**Task prompt:**
Everything from the line with "288 Lorraine Circle, Bloomingdale, IL" to the end of the material is to be retyped exactly, both ends included, and nothing else.

- Opening Delimiter -

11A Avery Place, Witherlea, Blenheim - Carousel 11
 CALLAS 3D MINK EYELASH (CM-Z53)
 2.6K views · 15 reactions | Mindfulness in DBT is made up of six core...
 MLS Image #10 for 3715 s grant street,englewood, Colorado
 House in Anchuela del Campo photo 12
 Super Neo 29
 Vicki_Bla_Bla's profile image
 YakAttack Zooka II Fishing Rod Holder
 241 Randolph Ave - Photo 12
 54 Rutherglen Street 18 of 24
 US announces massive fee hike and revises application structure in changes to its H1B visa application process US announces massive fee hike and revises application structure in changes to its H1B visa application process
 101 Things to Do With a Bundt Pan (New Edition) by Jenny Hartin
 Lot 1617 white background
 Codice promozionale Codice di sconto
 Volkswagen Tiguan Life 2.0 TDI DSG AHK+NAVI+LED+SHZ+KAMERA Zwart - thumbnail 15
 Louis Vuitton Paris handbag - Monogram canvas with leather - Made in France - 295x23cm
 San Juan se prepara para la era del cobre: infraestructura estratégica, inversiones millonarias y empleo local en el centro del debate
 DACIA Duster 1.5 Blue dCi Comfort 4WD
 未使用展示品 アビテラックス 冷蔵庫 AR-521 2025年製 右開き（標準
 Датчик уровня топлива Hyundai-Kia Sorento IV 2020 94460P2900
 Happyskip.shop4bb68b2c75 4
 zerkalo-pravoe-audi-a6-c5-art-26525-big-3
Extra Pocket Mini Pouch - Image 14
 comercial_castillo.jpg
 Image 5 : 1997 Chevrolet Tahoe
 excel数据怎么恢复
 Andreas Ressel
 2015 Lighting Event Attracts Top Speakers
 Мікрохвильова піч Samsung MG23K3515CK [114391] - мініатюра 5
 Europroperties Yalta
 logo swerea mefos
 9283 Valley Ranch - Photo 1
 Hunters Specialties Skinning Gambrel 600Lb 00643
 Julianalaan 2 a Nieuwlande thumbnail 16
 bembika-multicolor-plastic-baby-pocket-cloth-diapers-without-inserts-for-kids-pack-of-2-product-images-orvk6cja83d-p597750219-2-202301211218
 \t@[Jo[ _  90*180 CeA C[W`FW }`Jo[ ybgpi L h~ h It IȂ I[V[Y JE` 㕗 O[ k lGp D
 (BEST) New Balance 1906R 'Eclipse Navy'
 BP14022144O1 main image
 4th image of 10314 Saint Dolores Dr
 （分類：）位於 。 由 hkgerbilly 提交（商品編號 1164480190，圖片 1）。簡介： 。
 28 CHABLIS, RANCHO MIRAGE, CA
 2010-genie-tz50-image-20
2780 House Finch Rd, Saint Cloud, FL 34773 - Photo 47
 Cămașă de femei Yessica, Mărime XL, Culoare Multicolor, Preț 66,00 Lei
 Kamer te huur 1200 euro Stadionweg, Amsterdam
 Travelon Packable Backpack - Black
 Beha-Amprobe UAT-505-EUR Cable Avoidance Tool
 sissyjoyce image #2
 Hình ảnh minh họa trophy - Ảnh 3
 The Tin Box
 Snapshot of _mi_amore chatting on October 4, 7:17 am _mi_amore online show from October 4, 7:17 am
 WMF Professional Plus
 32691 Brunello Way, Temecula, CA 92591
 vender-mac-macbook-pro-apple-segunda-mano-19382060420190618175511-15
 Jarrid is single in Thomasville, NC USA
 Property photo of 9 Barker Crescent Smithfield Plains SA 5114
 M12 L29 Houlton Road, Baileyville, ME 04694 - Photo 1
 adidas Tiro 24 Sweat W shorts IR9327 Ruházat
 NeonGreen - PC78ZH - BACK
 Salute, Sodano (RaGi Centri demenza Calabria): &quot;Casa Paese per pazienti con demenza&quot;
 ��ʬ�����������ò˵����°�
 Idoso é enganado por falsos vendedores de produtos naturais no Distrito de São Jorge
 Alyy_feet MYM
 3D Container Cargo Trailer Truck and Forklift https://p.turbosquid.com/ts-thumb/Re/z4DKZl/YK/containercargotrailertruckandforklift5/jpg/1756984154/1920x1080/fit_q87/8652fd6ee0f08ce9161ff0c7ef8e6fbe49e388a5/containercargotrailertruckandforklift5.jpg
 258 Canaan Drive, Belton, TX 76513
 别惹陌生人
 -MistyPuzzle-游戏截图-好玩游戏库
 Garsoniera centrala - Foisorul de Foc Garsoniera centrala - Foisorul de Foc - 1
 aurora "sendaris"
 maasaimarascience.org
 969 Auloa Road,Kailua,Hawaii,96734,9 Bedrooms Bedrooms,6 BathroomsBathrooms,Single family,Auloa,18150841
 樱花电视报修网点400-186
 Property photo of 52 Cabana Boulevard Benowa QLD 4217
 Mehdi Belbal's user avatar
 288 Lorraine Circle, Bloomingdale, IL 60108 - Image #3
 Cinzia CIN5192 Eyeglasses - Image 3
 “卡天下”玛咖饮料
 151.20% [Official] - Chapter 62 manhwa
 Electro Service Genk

- Closing Delimiter -

**Response to the exercise:**
 288 Lorraine Circle, Bloomingdale, IL 60108 - Image #3
 Cinzia CIN5192 Eyeglasses - Image 3
 “卡天下”玛咖饮料
 151.20% [Official] - Chapter 62 manhwa
 Electro Service Genk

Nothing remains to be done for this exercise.